The 2020 Employment Law Changes You Need to Plan For
As we enter the holiday season, in-house counsel and employment lawyers need to return in the autumn with a plan as to how to address two key changes to employment law coming into force in April 2020.
Here Andrew Secker, employment Partner at Mills & Reeve, explains the changes for Lawyer Monthly, with some suggestions on how to plan and proceed.
1. Changes to the tax treatment of off-payroll labour
The most significant relates to changes to tax legislation regulating off-payroll working (commonly known as IR35) which comes into effect on 6 April 2020.
These new rules will require private sector businesses to deduct income tax and National Insurance contributions via payroll from fees for services paid to a personal service company (PSC) where the individual performing the services would, but for the PSC, ordinarily be regarded as an employee of the client company for tax purposes.
Whilst this is already the case in the public sector, extending this will hit sectors such as IT, technology, financial services and professional education where these arrangements are prevalent.
The treatment of individuals who are directly engaged by the client company — for example “Joe Bloggs” rather than “Joe Bloggs Limited” — will remain the same. The correct tax treatment of the fees paid to these workers will depend on whether they are in reality an employee of the client company for tax purposes, or if they’re genuinely self-employed.
It pays to be prepared for this reform. When similar changes were introduced in the public sector two years ago, many organisations were caught out, or attempted to impose “global” determinations, which were then challenged by their contractors.
What organisations need to do
- Audit off-payroll labour: It is a good idea to start doing this as soon as possible, as the audit process could take some time. It is likely businesses will need to make individual decisions and have different communications with each PSC.
The audit will be a factual investigation, looking at what each individual does in practice,
how they do it, what contracts they are engaged under, how they are paid etc. This may
also be a good time to audit any off-payroll labour that is not provided through PSCs.
- Consider the knock-on effects: The audit is likely to have knock-on consequences that may require legal advice. As well as determining employment status, you may need legal advice to amend or draft contractual documentation, to advise on the effects on pension liability, and to consider how this change intersects with rules around immigration, the apprenticeship levy, and the gender pay gap reporting figures and strategy. In addition, if liabilities are identified or a revised model for engaging your workforce is required, accountancy advice may be needed to quantify the position.

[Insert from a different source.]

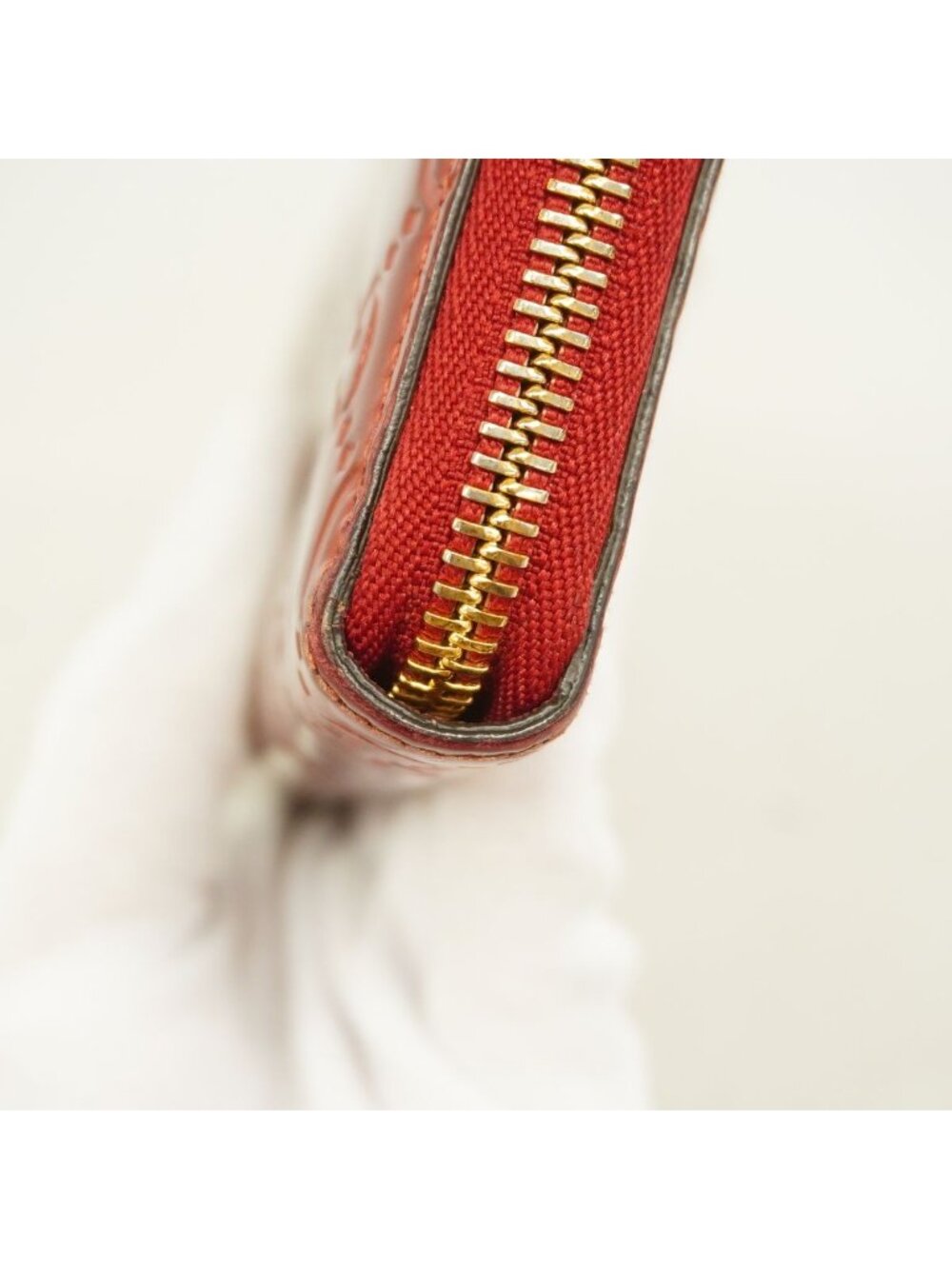 Gucci Wallet Guccissima Patent Red Champagne Gold - Picture 5 of 7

It is important to be alive to the consequences of an audit and consider privilege. Only legal advice on the employment status of off-payroll labour will be privileged. We have seen non-lawyers offering assistance with audits and advice on employment status determinations which would be discloseable to HMRC and in any subsequent dispute with workers.
2. New reference period rules for calculating holiday pay
The reference period used to calculate holiday pay for workers with variable pay is changing on 6 April 2020.

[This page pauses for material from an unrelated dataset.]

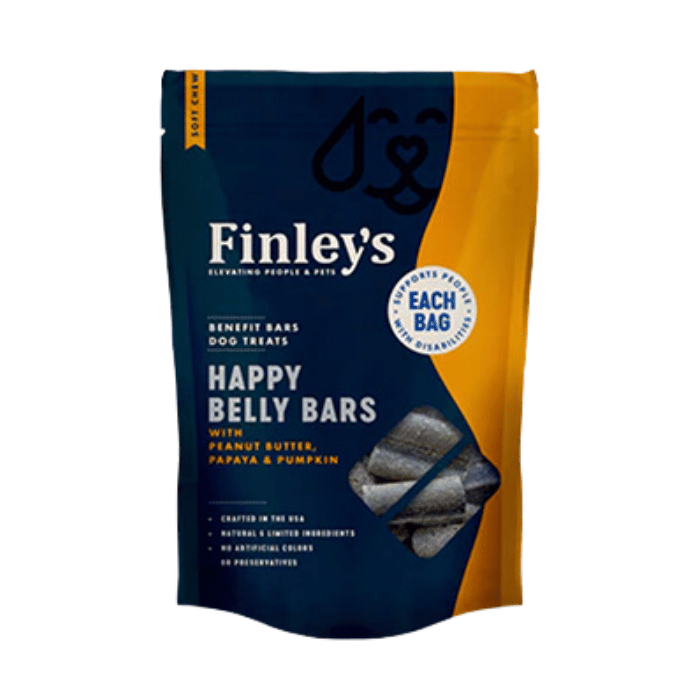 Finley&#39;s Gâteries Gâterie pour chien en barre -Happy Belly - Beurre de peanut, papaye et citrouille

Currently, this is the pay that a worker receives during the 12 weeks worked prior to taking a holiday. In Williams & Ors v British Airways PLC  IRLR 948 (as applied in Lock v British Gas Trading and Ors  IRLR 645), the ECJ held that holiday pay for the minimum four week leave entitlement under the Working Time Regulations must take into account “normal remuneration” such as contractual or regular patterns of overtime, pay allowances and certain commission payments.
This made reference period problematic for workers with variable pay. Fluctuations in pay meant that holiday pay would be higher if leave is taken immediately following peaks and lower holiday pay if it is taken following troughs.
Come 6 April 2020, the reference period will be change to 52 weeks, or the number of weeks of employment if a worker has been employed for less than 52 weeks.
What you need to do
- Consider when and how to make the change: For the purposes of holiday pay, many organisations begin their holiday year on 1 January. If that is the case, employers need to decide whether to change the way they calculate holiday pay on 6 April, or at the start of your holiday year. Organisations will need to consider the cost and practical issues which can arise, such as holiday carry over.
- Consider how you calculate holiday when if pay varies: Many employers have been considering how to include variable pay in holiday pay. Whilst the change in the law only affects the reference period, April 2020 may be a good time to review how employers calculate holiday pay more broadly. Advisers looking at this will need to consider how changing pay moving forward affects historic claims and manage employee relations.
Although these legal reforms may seem minor at first sight, they require legal input. Many have legal and financial consequences. Preparation is key to success here and the companies that start work on these changes now will be in a good position going into 2020.